▶ **WORK ORDER**
Exactly as they appear, copy the lines of the listing from the one containing "Curitiba, 13 de" through the final line, both included, and nothing else.

▶ **DATASET EXCERPTS**
-*-

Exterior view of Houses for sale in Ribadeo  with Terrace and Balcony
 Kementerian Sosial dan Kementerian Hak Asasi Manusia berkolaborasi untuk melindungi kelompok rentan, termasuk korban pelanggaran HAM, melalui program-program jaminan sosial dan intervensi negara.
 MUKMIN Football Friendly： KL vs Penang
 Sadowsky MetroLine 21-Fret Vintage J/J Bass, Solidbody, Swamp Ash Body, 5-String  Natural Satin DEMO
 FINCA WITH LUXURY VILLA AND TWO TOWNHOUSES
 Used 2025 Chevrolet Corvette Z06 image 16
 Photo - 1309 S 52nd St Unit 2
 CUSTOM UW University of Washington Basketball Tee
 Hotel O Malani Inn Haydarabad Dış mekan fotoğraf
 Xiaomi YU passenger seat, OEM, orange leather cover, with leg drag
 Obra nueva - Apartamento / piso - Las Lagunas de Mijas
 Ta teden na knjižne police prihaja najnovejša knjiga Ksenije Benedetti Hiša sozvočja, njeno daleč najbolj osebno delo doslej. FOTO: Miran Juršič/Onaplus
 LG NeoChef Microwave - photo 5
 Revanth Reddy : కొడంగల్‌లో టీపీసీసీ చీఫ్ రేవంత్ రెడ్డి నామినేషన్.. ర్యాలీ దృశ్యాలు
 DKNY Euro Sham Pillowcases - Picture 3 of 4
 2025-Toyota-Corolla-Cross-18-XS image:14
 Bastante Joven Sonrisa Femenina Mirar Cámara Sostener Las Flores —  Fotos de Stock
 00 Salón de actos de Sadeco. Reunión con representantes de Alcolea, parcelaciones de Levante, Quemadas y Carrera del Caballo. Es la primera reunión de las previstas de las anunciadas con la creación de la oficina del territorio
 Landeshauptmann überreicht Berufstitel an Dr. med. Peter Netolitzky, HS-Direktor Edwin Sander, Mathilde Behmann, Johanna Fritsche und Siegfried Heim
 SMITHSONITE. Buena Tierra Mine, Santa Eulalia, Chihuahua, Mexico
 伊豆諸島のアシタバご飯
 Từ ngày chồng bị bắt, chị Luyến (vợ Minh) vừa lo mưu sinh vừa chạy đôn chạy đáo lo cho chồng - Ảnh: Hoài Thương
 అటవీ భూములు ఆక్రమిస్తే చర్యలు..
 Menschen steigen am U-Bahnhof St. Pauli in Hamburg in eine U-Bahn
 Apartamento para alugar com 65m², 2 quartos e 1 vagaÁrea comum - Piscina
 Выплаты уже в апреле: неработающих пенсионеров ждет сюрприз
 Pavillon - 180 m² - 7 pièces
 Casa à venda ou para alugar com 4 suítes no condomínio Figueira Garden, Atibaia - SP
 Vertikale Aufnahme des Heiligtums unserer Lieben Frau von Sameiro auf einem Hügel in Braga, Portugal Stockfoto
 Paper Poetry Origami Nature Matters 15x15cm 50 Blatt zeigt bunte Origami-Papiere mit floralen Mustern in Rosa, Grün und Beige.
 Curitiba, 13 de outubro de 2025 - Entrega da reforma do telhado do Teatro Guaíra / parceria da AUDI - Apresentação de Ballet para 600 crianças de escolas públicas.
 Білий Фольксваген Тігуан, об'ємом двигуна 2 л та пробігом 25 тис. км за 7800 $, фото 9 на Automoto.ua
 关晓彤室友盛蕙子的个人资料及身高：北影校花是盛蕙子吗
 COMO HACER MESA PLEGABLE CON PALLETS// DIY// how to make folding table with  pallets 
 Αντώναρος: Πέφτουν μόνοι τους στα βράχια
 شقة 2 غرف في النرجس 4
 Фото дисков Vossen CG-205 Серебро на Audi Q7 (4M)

-*-

▶ **TASK RESPONSE**
 Curitiba, 13 de outubro de 2025 - Entrega da reforma do telhado do Teatro Guaíra / parceria da AUDI - Apresentação de Ballet para 600 crianças de escolas públicas.
 Білий Фольксваген Тігуан, об'ємом двигуна 2 л та пробігом 25 тис. км за 7800 $, фото 9 на Automoto.ua
 关晓彤室友盛蕙子的个人资料及身高：北影校花是盛蕙子吗
 COMO HACER MESA PLEGABLE CON PALLETS// DIY// how to make folding table with  pallets 
 Αντώναρος: Πέφτουν μόνοι τους στα βράχια
 شقة 2 غرف في النرجس 4
 Фото дисков Vossen CG-205 Серебро на Audi Q7 (4M)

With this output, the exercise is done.